Amidation of Benzylic Alcohols Under Visible Light

Amidation of Benzylic Alcohols Under Visible Light

Author: Sarah Maier

Amides are an important class of compounds found, e.g., in natural products, drugs, or polymers. They are produced in large amounts, usually by reacting carboxylic acid derivatives with amines. However, this pathway requires an additional functionalization step at the carboxylic acid and produces stoichiometric amounts of byproducts. A more efficient, and thus, greener access to amides would be useful. One approach for the development of greener chemical processes is the use of reactions that are mediated by visible light.

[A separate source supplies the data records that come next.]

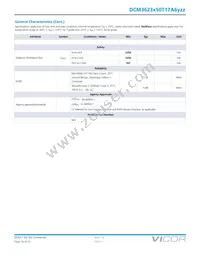 DCM3623T50T17A6M00 Datasheet Page 16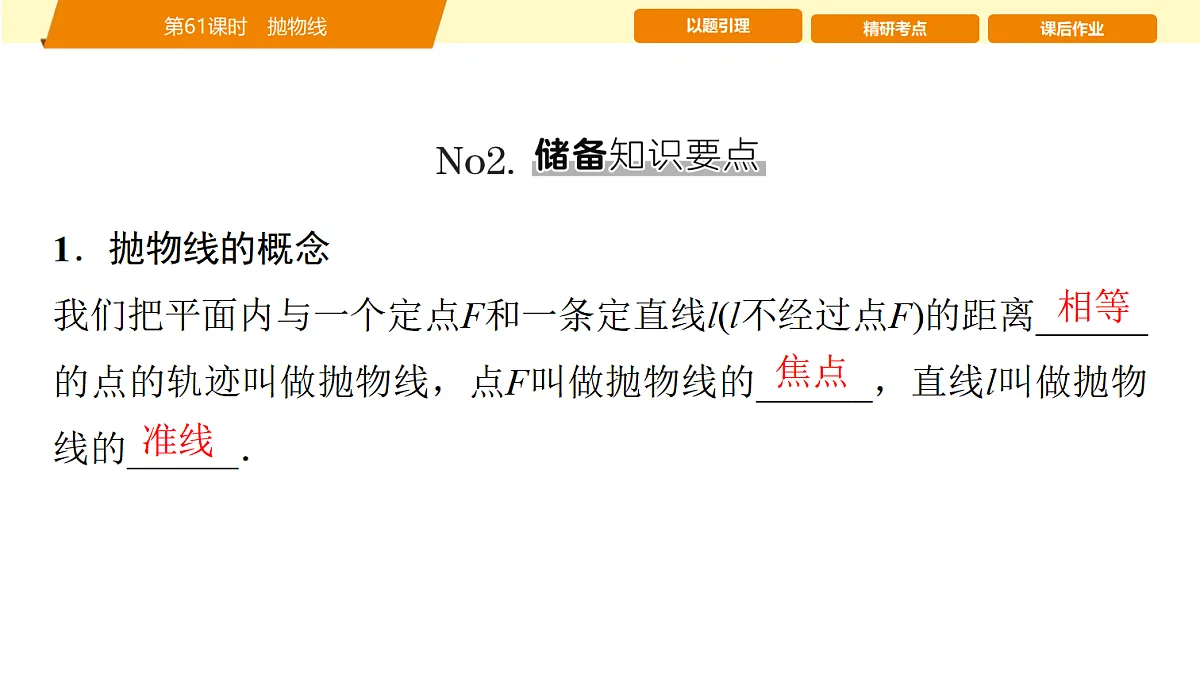 18455961第8页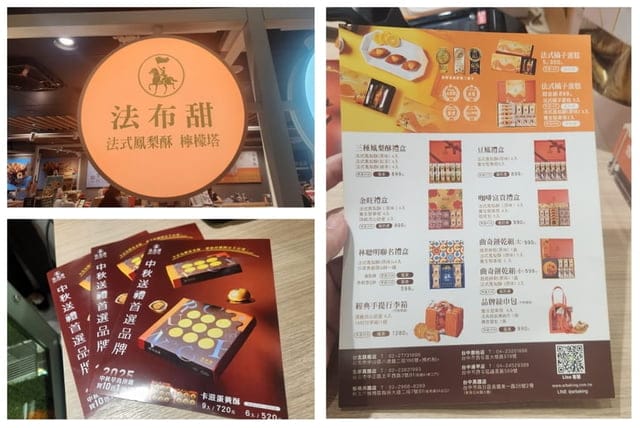 最懂台灣味的中秋禮盒~早鳥優惠起跑!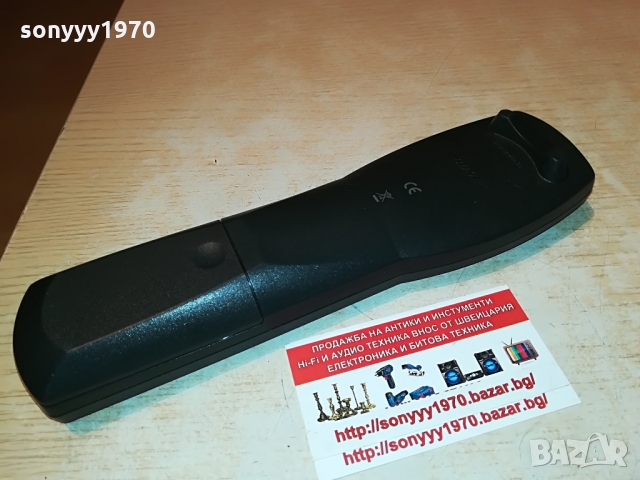 bose remote control 1503221044, снимка 10 - Други - 36109669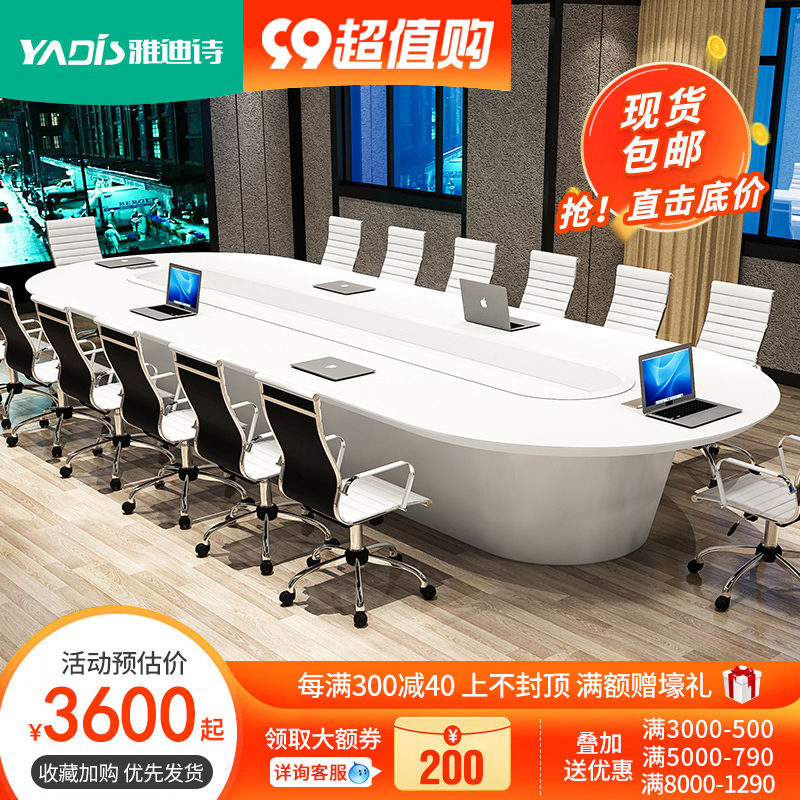 Yadi Poetry Baking Lacquer Conference Table Modern Brief About Long Table Meeting Room Large Table And Chairs Combination Creative Oval Negotiation Table-Taobao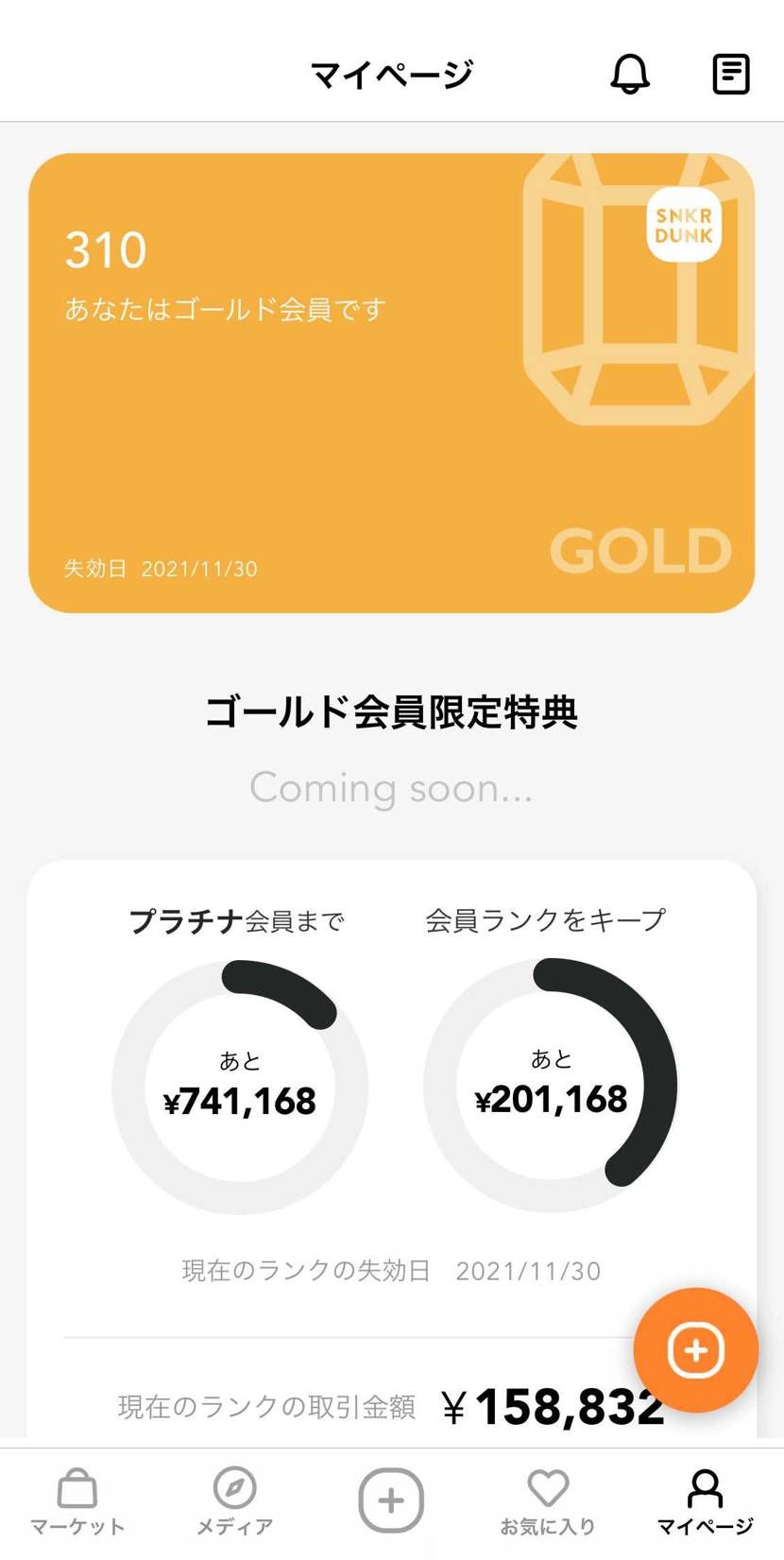 今年に入って130万くらい取引あんだけどプラチナの壁どんだけ😂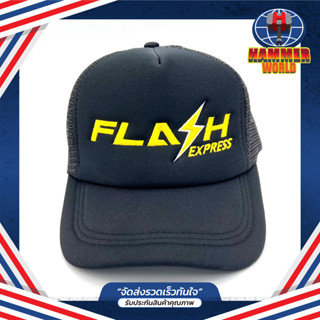 หมวก FLASH EXPRESS แก๊ป บักเก็ต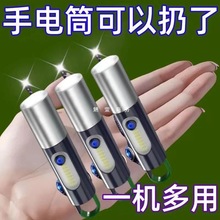 �طN���M�ڏ������Ͳ�๦���h������С��y�������������ó��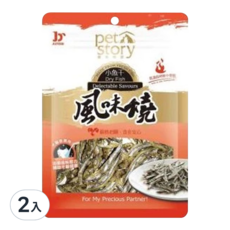 寵物物語pet story風味燒小魚干 80g 2入 - 犬貓零食，富含鈣質，低溫烘焙，幫助牙齒保健, 小魚干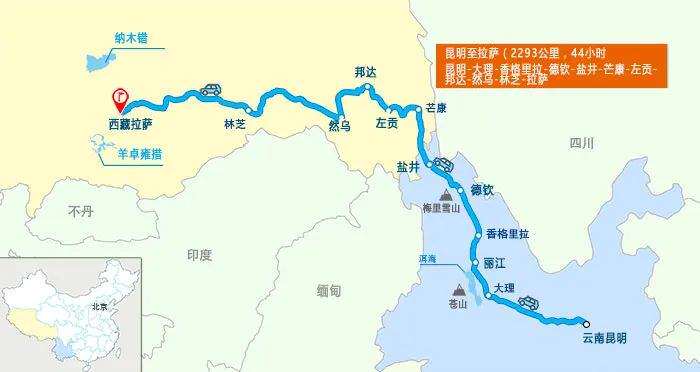 怪兽活动 滇藏线行程介绍 报名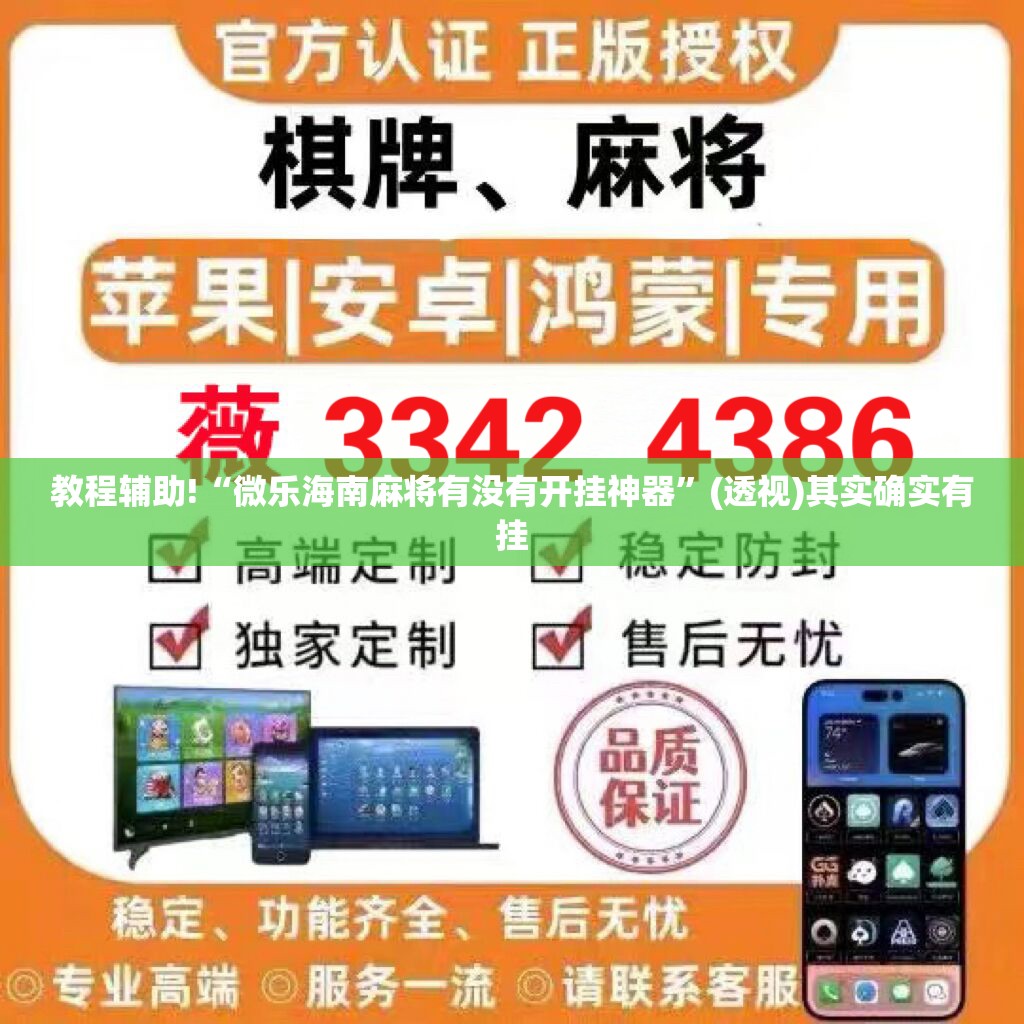 教程辅助!“微乐海南麻将有没有开挂神器	”(透视)其实确实有挂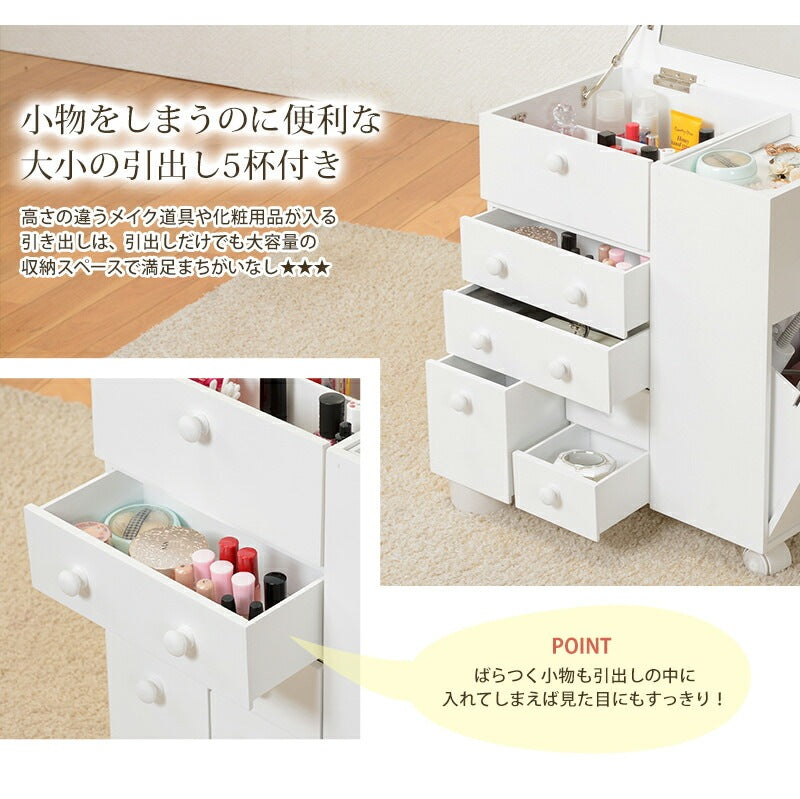 大容量キャスター付き コスメワゴン ワイドミラー＆多機能収納 コンパクト設計・おしゃれデザイン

Lidia de Luca, University of Sassari, Italy, and colleagues have developed a photocatalyzed amidation reaction of benzyl alcohols with secondary and primary amine hydrochlorides. The team used Ru(bpy)3Cl2 (bpy = bipyridine) as a photosensitizer, tert-butylhydroperoxide (TBHP) as an oxidant, calcium carbonate as a base, and ethyl acetate as the solvent under blue LED light. The reaction was performed at room temperature and the desired amides (pictured) were obtained in good yields.

The reaction tolerates a wide variety of functional groups at the benzyl alcohol, including both electron-donating and electron-withdrawing groups. Due to steric hindrance, only low yields were achieved when benzylic alcohols with bulky ortho-substituents were used. A wide range of aliphatic amine hydrochlorides can be used. However, aromatic amines such as aniline showed no conversion.

The process can be run at room temperature, uses ethyl acetate as a green solvent, and avoids extra steps as well as the generation of halogenated waste. Overall, it provides a green route for the synthesis of amides from stable, inexpensive starting materials.